One of the most promising areas for archaeology these days.... is underwater villages and other important places where people lived hundreds and thousands of years ago... Kind of makes you wonder since current forecast (always 30 to 50 years away...) -very conveniently fail to mention all things that happened long before “global warming” or “climate change” or whatever the current catch phrase is today or tomorrow (or whenever...).


----------



## mtoddsolomon (Mar 25, 2015)

Is nobody concerned that the EARTH IS FLAT????


----------



## paulrad (May 10, 2016)

Here's "science".


----------



## Guest (Nov 23, 2019)




----------



## lemaymiami (Feb 9, 2007)

and of course... after all is said and done - "climate change, climate emergency, global warming, etc." is still a lot more about politics than science...


----------



## Smackdaddy53 (Dec 31, 2012)

The moon landing was a hoax


----------



## DuckNut (Apr 3, 2009)




----------



## jasonrl23 (Jul 27, 2009)

lemaymiami said:


> One of the most promising areas for archaeology these days.... is underwater villages and other important places where people lived hundreds and thousands of years ago... Kind of makes you wonder since current forecast (always 30 to 50 years away...) -very conveniently fail to mention all things that happened long before “global warming” or “climate change” or whatever the current catch phrase is today or tomorrow (or whenever...).


One of my favorites recently is the forest discovered a quarter mile in the gulf off of Alabama. A hurricane uncovered it a few years back. Perfectly preserved, not caused by man, but does point out that the ocean has been rising for a while.


----------



## jasonrl23 (Jul 27, 2009)

lemaymiami said:


> My favorite new breathless topic being tried out on local PBS radio.... “climate migration”...
> 
> I find myself laughing (it’s better than crying...).


Im hedging my bet that another Maunder Minimum is on the way. Nasa warned of it with little coverage from the media.

Explains a lot of the extreme winter weather. This year will be bad. Next year will be worse. If we see an extended pause, Florida property values are going to sky rocket.


----------



## MSG (Jan 11, 2010)

Wow - must be another conspiracy story- the 90 plus percent of the scientific community agreeing must be out to get us - and this from a group that is supposed to supportive of the environment


----------



## MSG (Jan 11, 2010)

oh - even more news just today form the United Nations - again - must be a giant worldwide conspiracy - you guys can't possibly believe this???? Really??? How is it possible - are we really in a day and age when facts and agreement by the vast majority of the scientific worldwide community doesn't matter.

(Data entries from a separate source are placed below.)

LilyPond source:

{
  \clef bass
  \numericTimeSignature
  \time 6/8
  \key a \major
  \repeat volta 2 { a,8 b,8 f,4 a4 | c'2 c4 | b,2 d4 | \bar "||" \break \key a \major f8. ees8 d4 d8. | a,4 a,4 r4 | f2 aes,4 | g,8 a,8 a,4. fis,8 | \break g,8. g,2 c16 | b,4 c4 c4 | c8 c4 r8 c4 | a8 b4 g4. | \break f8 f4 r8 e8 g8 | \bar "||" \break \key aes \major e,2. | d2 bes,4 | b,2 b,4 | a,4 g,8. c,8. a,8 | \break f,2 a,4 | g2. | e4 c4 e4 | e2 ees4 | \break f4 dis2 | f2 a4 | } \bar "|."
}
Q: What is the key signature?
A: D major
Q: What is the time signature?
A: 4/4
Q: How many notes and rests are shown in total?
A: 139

Will you continue to believe the 1 percenters - does that make any sense??


----------



## DuckNut (Apr 3, 2009)

MSG said:


> oh - even more news just today form the United Nations - again - must be a giant worldwide conspiracy - you guys can't possibly believe this???? Really??? How is it possible - are we really in a day and age when facts and agreement by the vast majority of the scientific worldwide community doesn't matter. Will you continue to believe the 1 percenters - does that make any sense??


It's ok you have your opinion so can you answer how the Sahara desert became so dry if the water is rising, because it was once under water?

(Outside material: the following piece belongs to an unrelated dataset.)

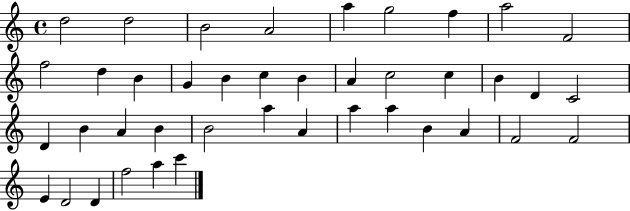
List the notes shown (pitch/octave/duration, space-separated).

D5/h D5/h B4/h A4/h A5/q G5/h F5/q A5/h F4/h F5/h D5/q B4/q G4/q B4/q C5/q B4/q A4/q C5/h C5/q B4/q D4/q C4/h D4/q B4/q A4/q B4/q B4/h A5/q A4/q A5/q A5/q B4/q A4/q F4/h F4/h E4/q D4/h D4/q F5/h A5/q C6/q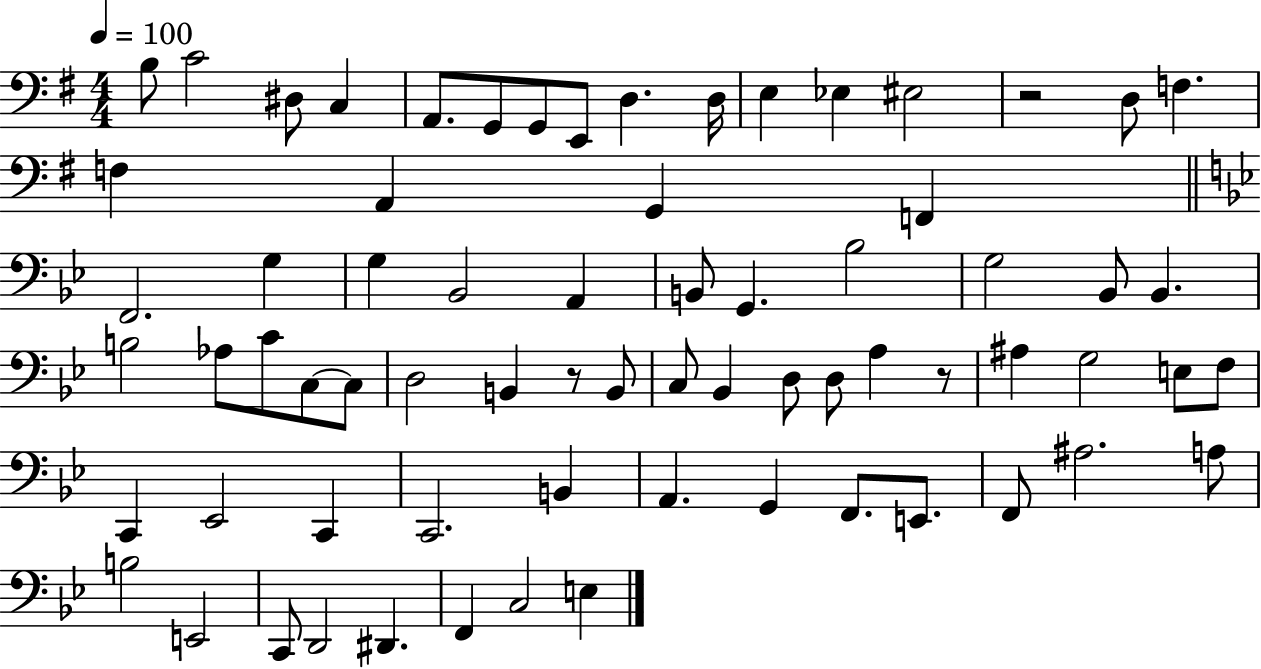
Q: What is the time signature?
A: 4/4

I don't disagree with all of the banter but I am skeptical as the timeframes being used are a big as a pimple on a ducks azz in the big scheme.


----------



## MSG (Jan 11, 2010)

my final word on this post - over 90% of scientists around the world agree - this is a crisis. If all the experts generally agree, then why should you try to justify it with loopholes? If they are correct and we do not do anything - we are in big trouble. If they are wrong and we still do something about it - we are no worse off. Which one of these sounds like the safe bet???


----------



## SomaliPirate (Feb 5, 2016)

MSG said:


> my final word on this post - over 90% of scientists around the world agree - this is a crisis. If all the experts generally agree, then why should you try to justify it with loopholes? If they are correct and we do not do anything - we are in big trouble. If they are wrong and we still do something about it - we are no worse off. Which one of these sounds like the safe bet???


I would argue that it doesn't matter either way because nobody is going to voluntarily go back to a neolithic way of life. The developing world is going to continue to burn fossil fuels and produce plastic for the foreseeable future. Good luck telling China to stop eating meat, making plastic straws, driving cars etc. Everybody just calm down and go fishing. Maybe we will be snook fishing off Montauk, maybe not.


----------



## FlyBy (Jul 12, 2013)

MSG said:


> over 90% of scientists around the world agree - this is a crisis.


False.


----------



## DuckNut (Apr 3, 2009)

MSG said:


> my final word on this post - over 90% of scientists around the world agree - this is a crisis. If all the experts generally agree, then why should you try to justify it with loopholes? If they are correct and we do not do anything - we are in big trouble. If they are wrong and we still do something about it - we are no worse off. Which one of these sounds like the safe bet???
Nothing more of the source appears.